Ziqing Xiao ,^a,b Haiqing Tian,^a,b,* Daqian Wan,^a,b Chunxiang Zhuo,^a,b Kai Zhao,^a,b and Yang Yu ^a,b

DOI: 10.15376/biores.20.1.1333-1344

Keywords: Dust removal apparatus; Straw feed; Numerical simulation; Field experiment; Dust separation

Contact information: a: College of Mechanical and Electrical Engineering, Inner Mongolia Agricultural University, Hohhot, 010018, China; b: Inner Mongolia Engineering Research Centre of Intelligent Equipment for the Entire Process of Forage and Feed Production, Hohhot 010018, China;

* Corresponding author: hqtian@126.com

GRAPHICAL ABSTRACT

INTRODUCTION

Maize is one of the most widely produced cereal crops globally (Ren et al. 2022; Yu et al. 2024), and after harvesting, maize stalks are typically utilized in two primary ways: harvested during the milk to dough stage for use as silage (Tao et al. 2024; Xue et al. 2024; Zhao et al. 2024), or harvested post-maturity for use as dry forage (Li et al. 2022; Mu et al. 2024; Wang et al. 2024). The maize stalks, harvested by the forage harvester, can be directly converted into dry forage suitable for feeding livestock. However, during the harvesting process, a significant amount of dust is mixed into the feed, reducing its quality. Therefore, designing and developing a dust removal apparatus to separate dust mixed into the forage is a critical step in improving feed quality. However, traditional research methods are insufficient to accurately analyze the movement and separation behavior of dust particles within the apparatus. In recent years, the Discrete Element Method (DEM), as a numerical simulation tool, has become an essential approach for addressing complex problems that traditional methods struggle to resolve, due to its ability to thoroughly investigate contact mechanics and tribology between particles (Fang et al. 2022; Du et al. 2023; Walunj et al. 2023; Li et al. 2024). This method is widely used to obtain complex behavior information that is difficult to measure, such as particle motion, forces, and energy consumption during material breakage (Ma et al. 2015, 2019; Zhou et al. 2023).

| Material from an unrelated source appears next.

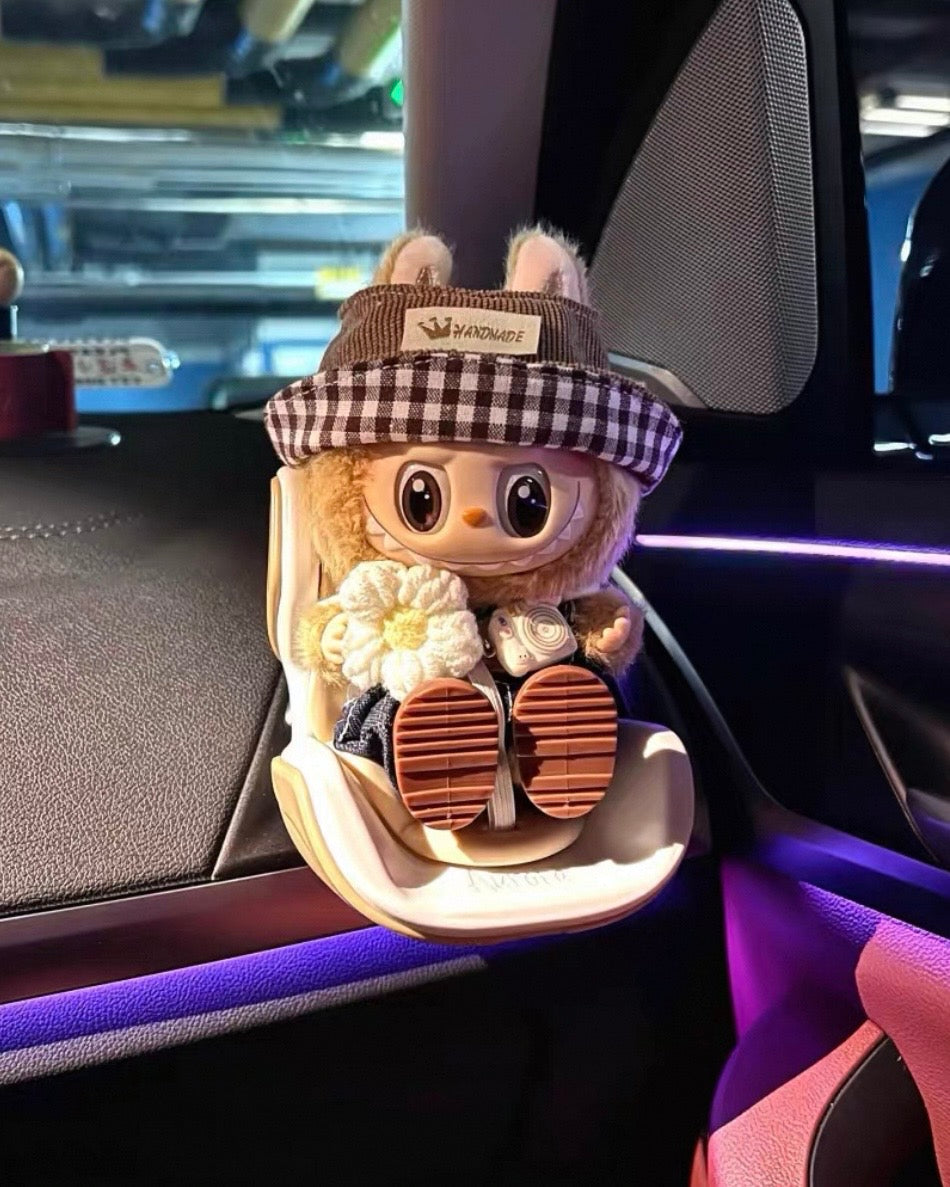 Labubu Car Safety Seat with Magnetic Base · 3 Colors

The harvested straw fodder appears as a mixture consisting of segmented straw rind, segmented straw pith, powdered straw rind, powdered straw pith, and dust particles. Removing the dust from this mixture using a dust removal apparatus can significantly improve the feed’s cleanliness, thereby enhancing its utilization efficiency. Although significant research has been conducted on agricultural product separation (Chen et al. 2010), the focus has primarily been on peeling, screening, and analyzing the motion of agricultural particles (Fan et al. 2022). For example, Chen et al. (2022) combined computational fluid dynamics (CFD) and the discrete element method (DEM) to simulate the separation process of rice grains and husks, revealing the mechanisms behind grain loss and husk retention. Wang et al. (2023) utilized the CFD-DEM method to simulate and validate the screening process of maize mixtures, analyzing the behavior of maize particles passing through bionic sieve apertures under various orientations. However, studies on the dust removal mechanism for forage mixtures of maize stalks remain limited, with little focus on the dynamic interactions between the forage and dust during the separation process.

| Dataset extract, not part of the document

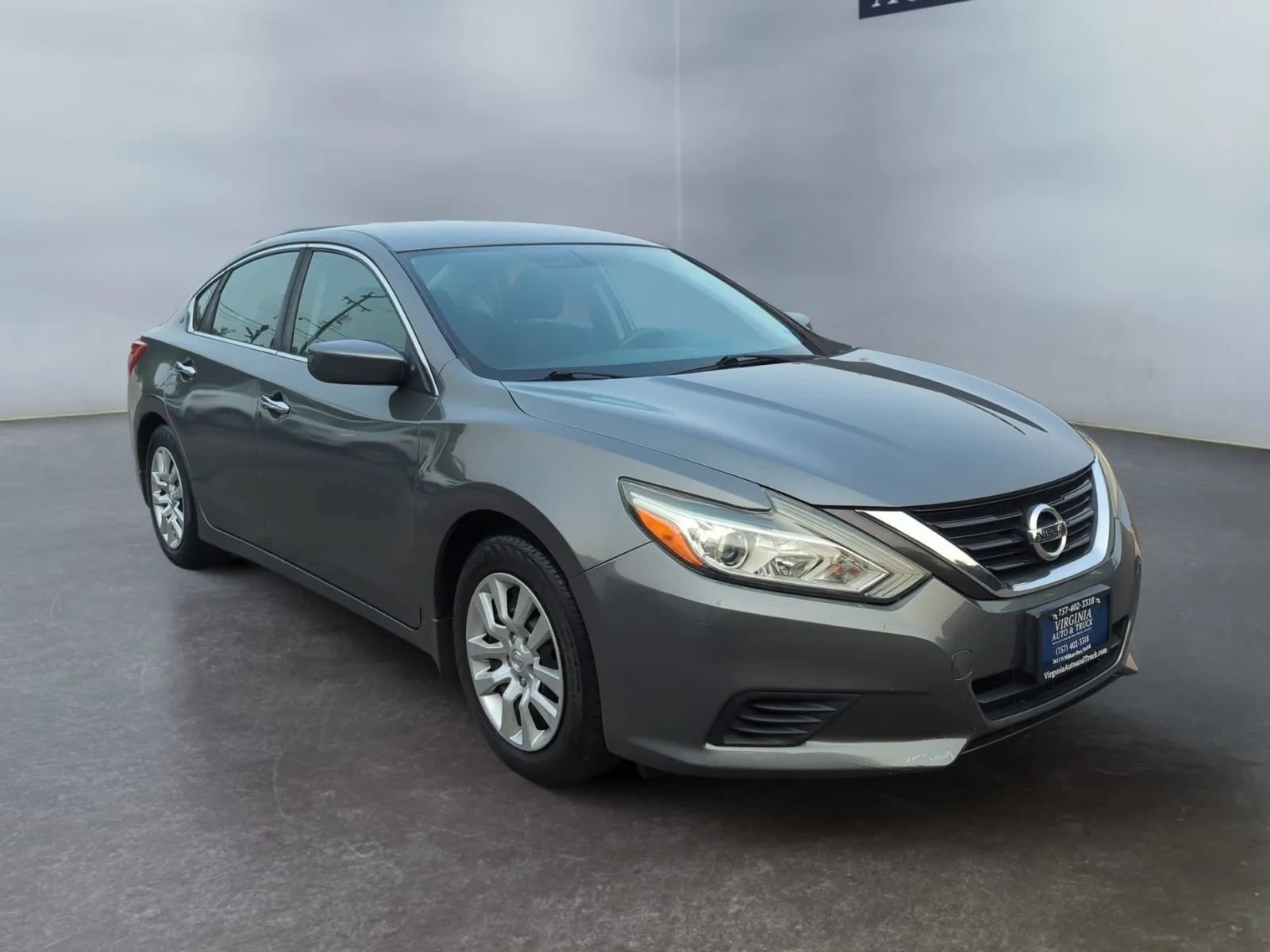 Used 2017 Nissan Altima 2.5 S w/ Power Driver Seat Package FWD image 5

This study describes a dust removal apparatus for the forage harvester and investigates the motion and separation of forage mixtures inside the apparatus using a combination of numerical simulation and experimental validation. The dust removal efficiency was used as the evaluation metric, with the rotational speed of the dust removal drum, the sieve aperture size, and the number of dust removal drums as experimental factors. A three-factor, three-level orthogonal numerical simulation experiment was conducted to determine the optimal operating parameters for the dust removal apparatus. The effectiveness and stability of the apparatus were validated through field experiments, providing a critical basis for further improving dust removal efficiency and optimizing the apparatus design. The primary objective of this study was to optimize the operational parameters of the dust removal apparatus to significantly reduce the dust content in straw fodder, improve its quality, and provide technical support for the utilization of straw resources in agricultural mechanization. Additionally, this study aimed to provide a theoretical basis for the further improvement and application of the dust removal apparatus.

EXPERIMENTAL

Test Material

The straw fodder was sourced from the experimental field in Dageben Village, Tumed Left Banner, Hohhot City, Inner Mongolia Autonomous Region (121°58’E, 36°15’N) after the harvesting operation. According to the GB/T 5917.1 (2008) standard, the straw fodder was sieved using a standard sieve. The sieved material included segmented straw rind and pith, powdered straw rind and pith, as well as dust particles. The powdered straw rind and pith had a cylindrical shape. The dimensions of the sieved materials were measured using an ABS digital caliper (Yantai Lulin Tools Co., Ltd., Shandong, China), and the average values were calculated. The particle size distribution of the dust was determined using a Bettersize 3000Plus laser particle size analyzer (Dandong Bettersize Instruments Ltd., Liaoning, China), and the average value was obtained. The components were dried using a DHG-9245A forced air drying oven (Shanghai Yiheng Scientific Instrument Co., Ltd., Shanghai, China). The moisture content of each component was then measured using the gravimetric method, and the average value was calculated. The composition, physical properties, moisture content, and proportions are listed in Table 1.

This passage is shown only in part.